With a 50 to 100 lb. rod 20 lbs. of drag will have that rod bent double or could even break it.


----------



## Ptpainton (Feb 16, 2013)

*Avet good*



GAjohn said:


> After reading good things about the trevala for jigging/dropping bait, I decided to pick up the 6'6 50-100lb rod for a good deal in a cyber monday sale. What would be a good reel to pair with this bad boy?
> 
> Alternatively, I've got an Avet sx on a tiger stik as one of my trolling set ups which I might be able to put on the trevala and then just pick up a different trolling reel. What would you guys suggest?


I have been using my Avet Sx on same rod for bottom fishing. That rod is nice and light and with the little reel it's great to hold for long periods if needed. Got it from Charkbait for about 150 included shipping and loaded with braid. I think in a kayak you can only safely use a certain amount of drag anyway unless your in a pro angler. I think for the money it's a good enough reel for me. For more money though of course you can do better. I'm on a budget thus I look for what I can afford that can do the job.


----------



## BlackJeep (Jun 13, 2010)

I have that rod matched up with a Daiwa Saltist LD20. It's small but its light and powerful. LD30 would be fine too. The drag adjust knob seems to back off during a day of fishing and the lever isn't always smooth through the detents, but the reel is a winch and I've caught tons of huge fish/sharks on it.


----------



## GAjohn (May 23, 2012)

Heard nothing but good things about those release reels but they're pretty steep on price for me. I found a site that has the daiwa saltist's on sale for significantly cheaper than list price. I like my avet a lot so an MX would be nice. Any other input on these two reels or other reels out there?


----------



## Ocean Master (May 20, 2008)

If you can afford one of the 2 speed Avets you would have a reel that could pull up heavy fish in low gear and use high gear for trolling. And the old basic TLD 15 is a great Kayak trolling reel.


----------



## GAjohn (May 23, 2012)

Bit the bullet and ended up going with the release reel. Figured I wouldn't regret it too much. I opted to spool it with 450 yds of 50# braid. Not sure if I will ever need that much but if it holds more than that why not. What have ya'll with this reel spooled it with?


----------



## Ivarie (Mar 2, 2010)

GAjohn said:


> Bit the bullet and ended up going with the release reel. Figured I wouldn't regret it too much. I opted to spool it with 450 yds of 50# braid. Not sure if I will ever need that much but if it holds more than that why not. What have ya'll with this reel spooled it with?

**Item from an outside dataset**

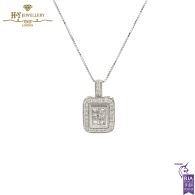 White Gold Pendant Round &Princess Cut - 0.75ct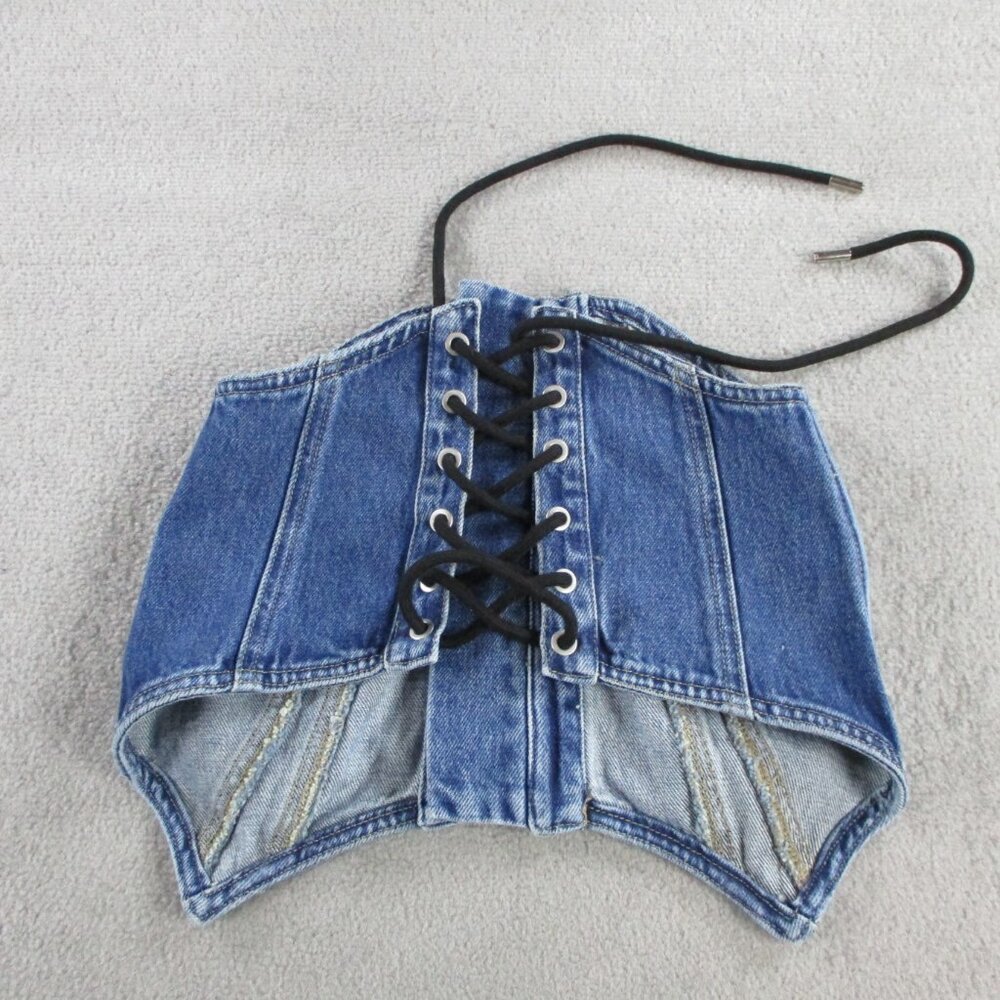 Naked Wardrobe Denim Corset Womens XS Blue Dreams Strapless Lace Up Back Top EUC - Picture 3 of 8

Yeah, you don't regret it. It's a reel for life.


----------



## pacecountryboy (Feb 27, 2012)

Where can I order one of the release SG from I went to there site but couldn't figure out how to


----------



## GAjohn (May 23, 2012)

www.charkbait.com


----------



## Ardiemus (Oct 12, 2010)

I love my two Avet MXs on Travalia rods.


----------



## Stressless (Oct 2, 2007)

Accurate(s) matched w my Trevala(s). 

Very light and powerful - lots of Drag to stop those 20# snapper from reaching the bottom 10' down. Good job on getting the 100# Trevala.

ALso a good trolling setup for BFT with a jethead. Monkey boat rod for AJ's. Will have to look into the SG's in 10-15 years when my Accurates get old.

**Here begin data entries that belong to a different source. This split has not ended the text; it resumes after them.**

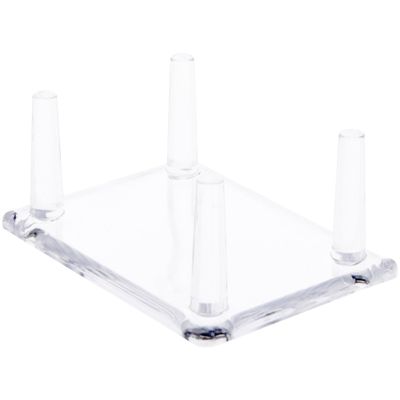 Plymor Clear Acrylic Rectangular Base with 4 Display Prongs for Geode, Mineral or Crystal Cluster, 1.5" H x 3.375" W x 2.5" D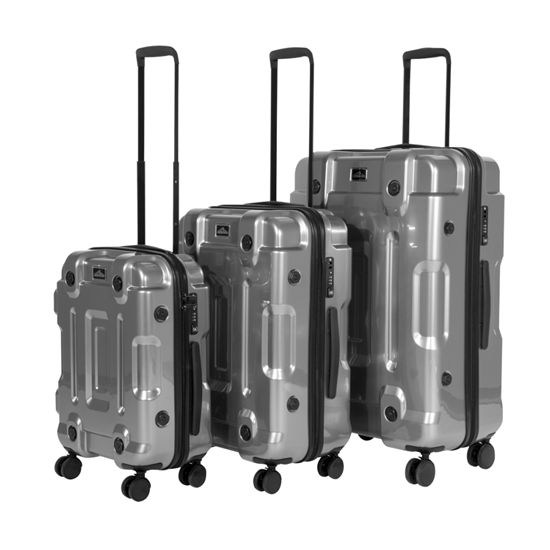 Dellonda DL9 - Dellonda 3pc Lightweight ABS Luggage Set  - 20", 24", 28" - Silver - DL9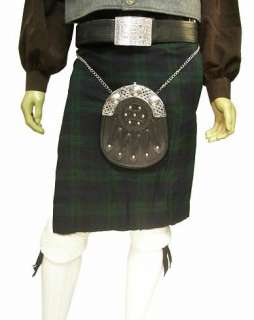 Scottish Black Watch Tartan Kilt & Hose Package SCA 36 Waist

I don't think you could go worng with any of the suggestions. +1 Charkbait - also they will load with Jerrybrown hollowcore.

Cheers,
Stressless


----------



## Wilbur (Jan 17, 2011)

+1 On the Daiwa Saltist LD20. It's light and compact, but it has plenty of drag and a high speed retrieve. I bought it at the Spring Outcast sale for $120'ish I think.


----------



## Ocean Master (May 20, 2008)

I've had to repair a few of the Daiwa Saltist anti-reverse. Some of them have only one very little anti-reverse dog.

No problems with any of the other reels anti-reverse systems on other similar reels.


----------



## Hobart (Nov 27, 2012)

That release SG is sick gotta get one of those!


----------



## Hobart (Nov 27, 2012)

GAjohn said:


> Bit the bullet and ended up going with the release reel. Figured I wouldn't regret it too much. I opted to spool it with 450 yds of 50# braid. Not sure if I will ever need that much but if it holds more than that why not. What have ya'll with this reel spooled it with?


I'd like to see a pic of this set up if possible.


----------